*Work order*: Beginning at the line that contains "Natural Wakefulness: Discovering", reproduce the entries below exactly, ending with the line that contains "LOCALIZACIÓN: El cartílago". Omit each picture.

*Exercise materials*:
________

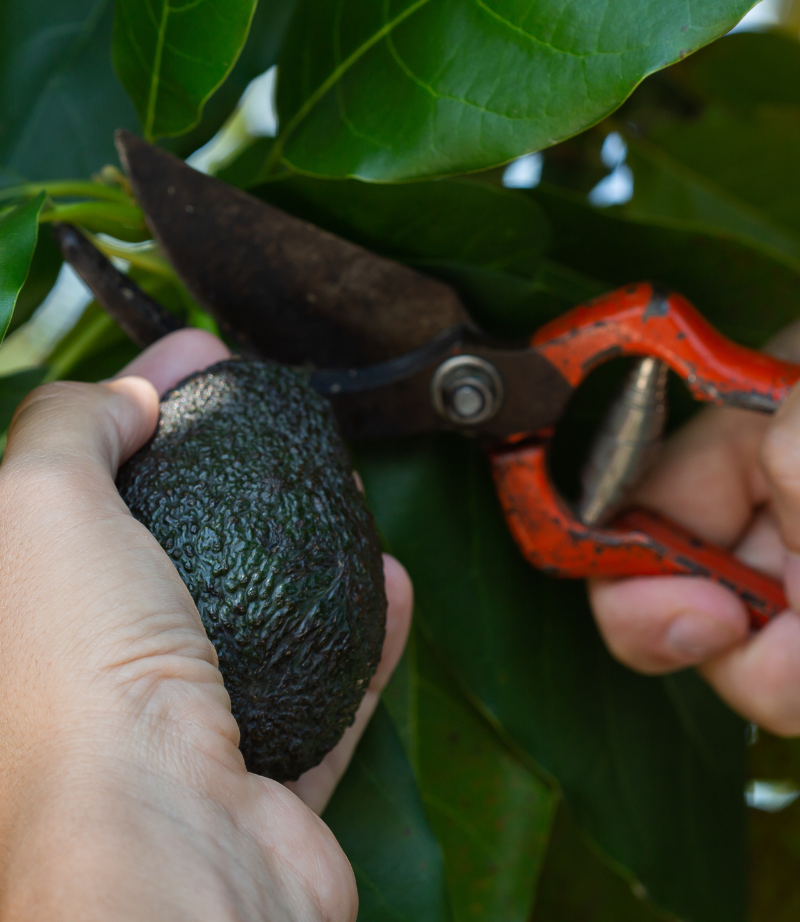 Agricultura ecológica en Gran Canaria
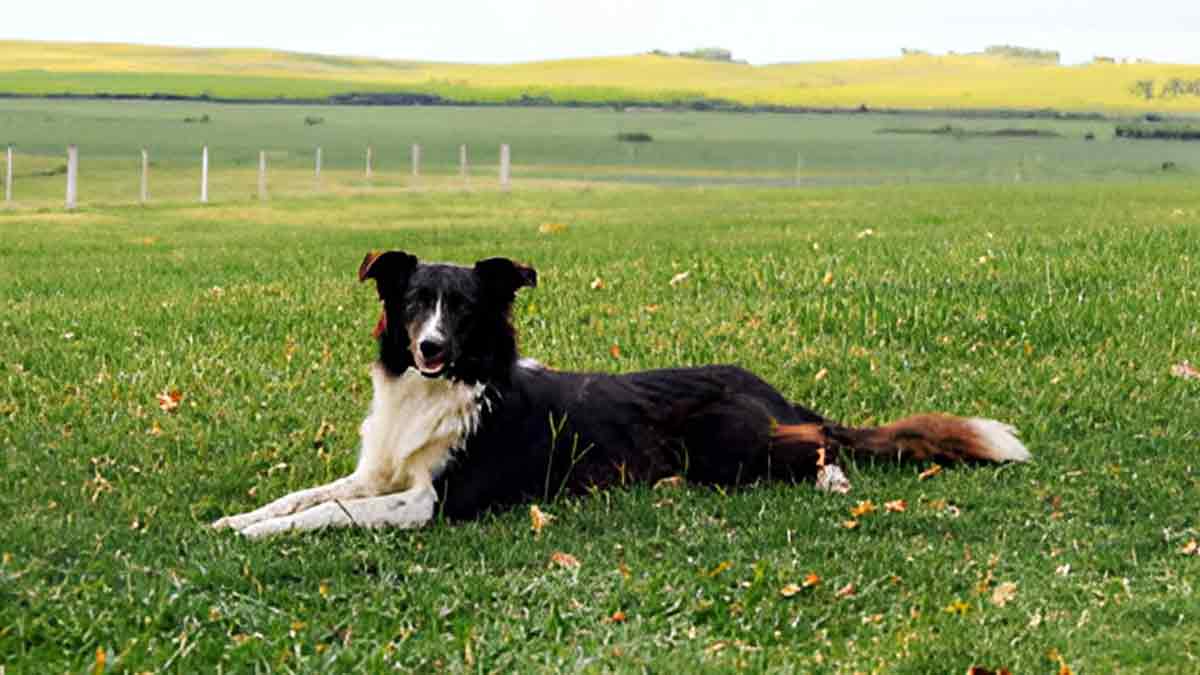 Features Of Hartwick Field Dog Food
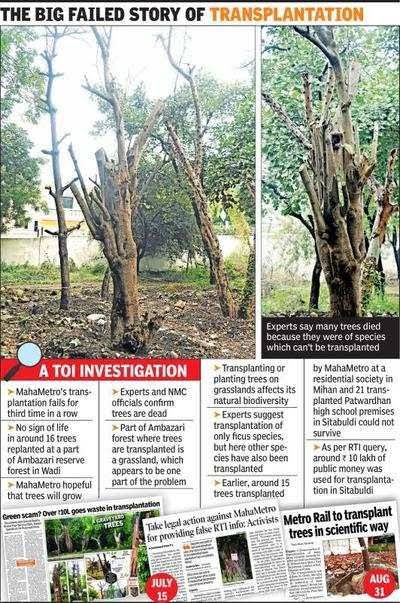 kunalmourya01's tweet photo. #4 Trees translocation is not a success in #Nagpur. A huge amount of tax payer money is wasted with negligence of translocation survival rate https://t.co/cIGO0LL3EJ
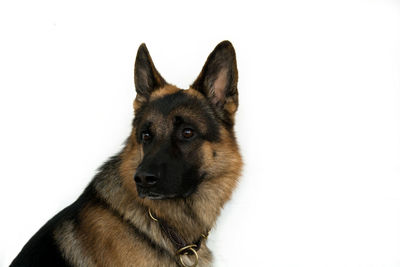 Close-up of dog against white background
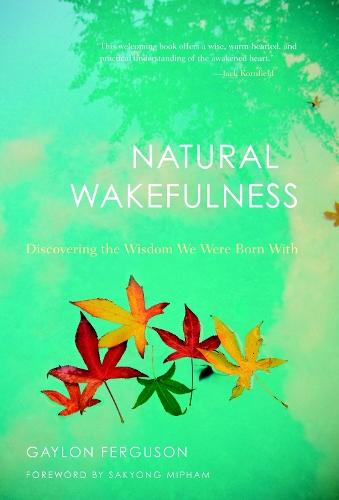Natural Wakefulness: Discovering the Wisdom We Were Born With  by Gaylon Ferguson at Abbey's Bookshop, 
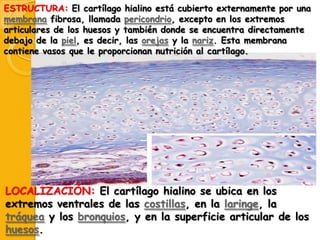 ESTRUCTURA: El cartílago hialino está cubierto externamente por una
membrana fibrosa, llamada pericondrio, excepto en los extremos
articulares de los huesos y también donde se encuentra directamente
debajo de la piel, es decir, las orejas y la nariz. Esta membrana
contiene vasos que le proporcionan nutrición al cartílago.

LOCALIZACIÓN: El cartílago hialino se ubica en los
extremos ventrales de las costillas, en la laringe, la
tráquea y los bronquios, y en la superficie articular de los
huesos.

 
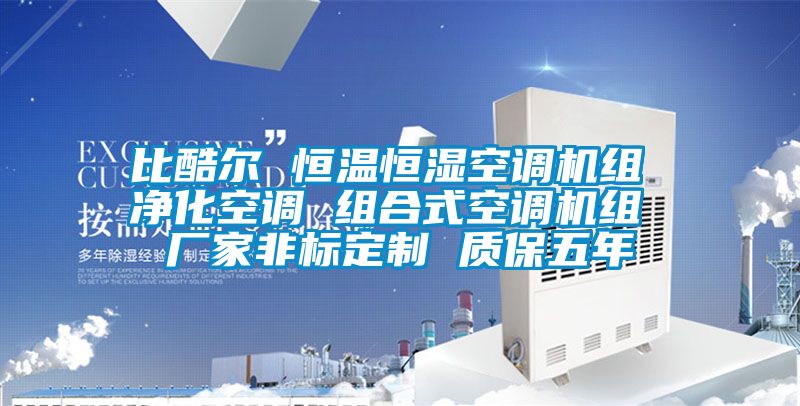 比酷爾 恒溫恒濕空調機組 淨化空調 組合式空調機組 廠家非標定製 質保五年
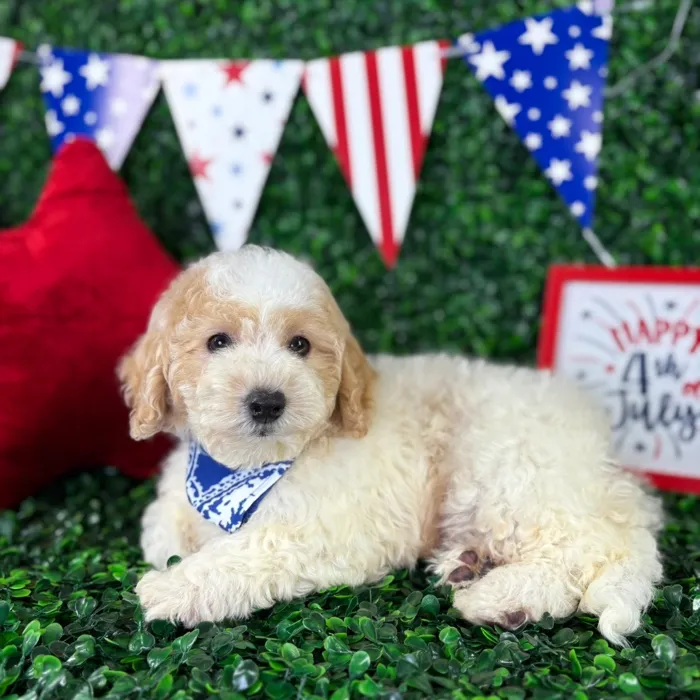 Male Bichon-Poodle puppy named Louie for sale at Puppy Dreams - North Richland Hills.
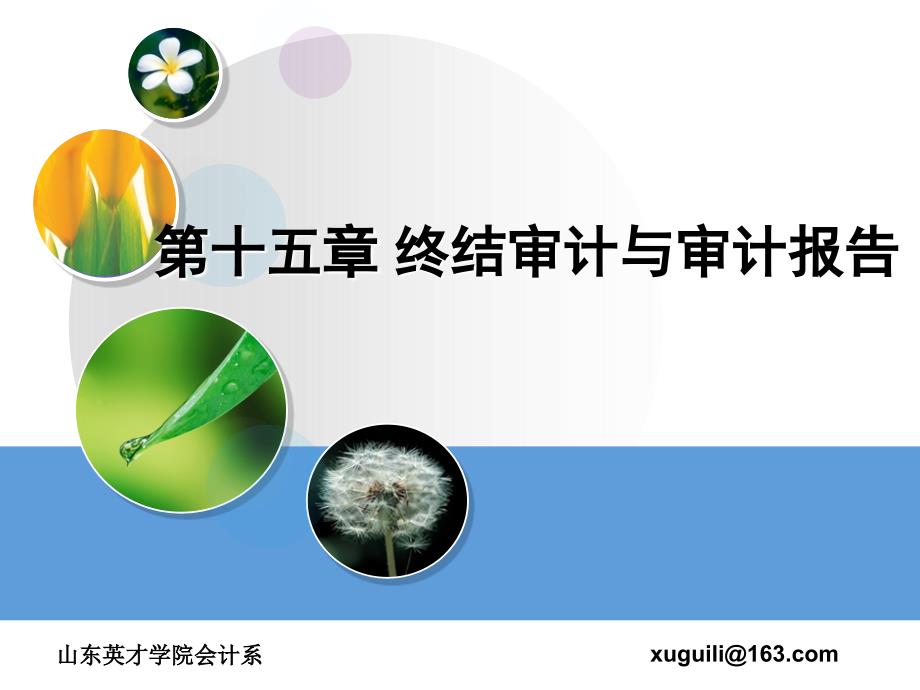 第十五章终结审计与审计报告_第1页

________

*Answer below*:
Natural Wakefulness: Discovering the Wisdom We Were Born With  by Gaylon Ferguson at Abbey's Bookshop, 
 ESTRUCTURA: El cartílago hialino está cubierto externamente por una
membrana fibrosa, llamada pericondrio, excepto en los extremos
articulares de los huesos y también donde se encuentra directamente
debajo de la piel, es decir, las orejas y la nariz. Esta membrana
contiene vasos que le proporcionan nutrición al cartílago.

LOCALIZACIÓN: El cartílago hialino se ubica en los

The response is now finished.